The benefits of gamification in education are countless, but there are some distinct highlights:
- Better engagement with the lesson
- Greater interest in the subject matter
- Quieter, more focused students
- Realistic simulations
- Adaptability to users’ individual needs
- Higher grades/more passes
The psychology of gamification causes us to put more effort in when we feel rewarded. It sounds so simple on the surface, and we have been doing this, in many way, for years. In the past we offered students perks, regular scoring, and certificates in exchange for hard work, but it is only recently that we have worked out how to apply rewards ever more efficiently to make sure students are genuinely enjoying their lessons.
The top strategies for rewarding students are:
1: Offer a level system
A bit like how our books are divided into chapters, we need to highlight and celebrate students’ progress. Set learning milestones and motivate students towards them.
You can also consider offering a small certificate or reward at each milestone, with major milestones being celebrated more seriously. This way your student has something to aspire to and something to look forward to.
2: Intermittent rewards
The biggest difficulty with motivating students is that it’s hard to stay engaged for a lesson when the reward is in a week, or six months time.
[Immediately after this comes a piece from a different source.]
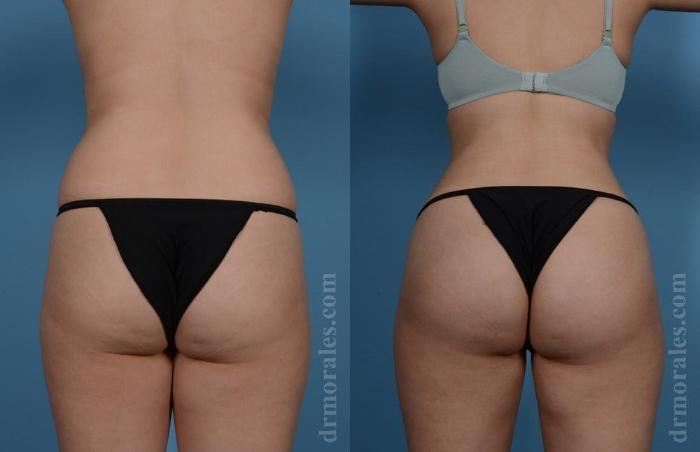 Before & After Brazilian Butt Lift Case 397 View 1 View in Houston, TX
Instead, offer small rewards intermittently for work well done. The trick is to award often, but not every single time a student does well. A good rule of thumb is to offer a small reward, such as a point, for 9-out-of-10 “well dones”.
3: Score keeping
Keep a tally of what level your students are at, how quickly they reach each level, and how many rewards they’ve earned. Everyone is motivated by the prospect of defeating our own personal record, but there needs to be a record to beat!
4: Opt-in leaderboards
Some people are really motivated by comparing themselves to others, whereas other people are put off. Adopt a leaderboard that students can choose to participate in, allowing competitive students and shy students to use their scores to suit their own personal needs.
Although gamification in learning is a relatively new approach, it’s holding up to scrutiny, and may just be the solution you need for your students’ focus and motivation challenges.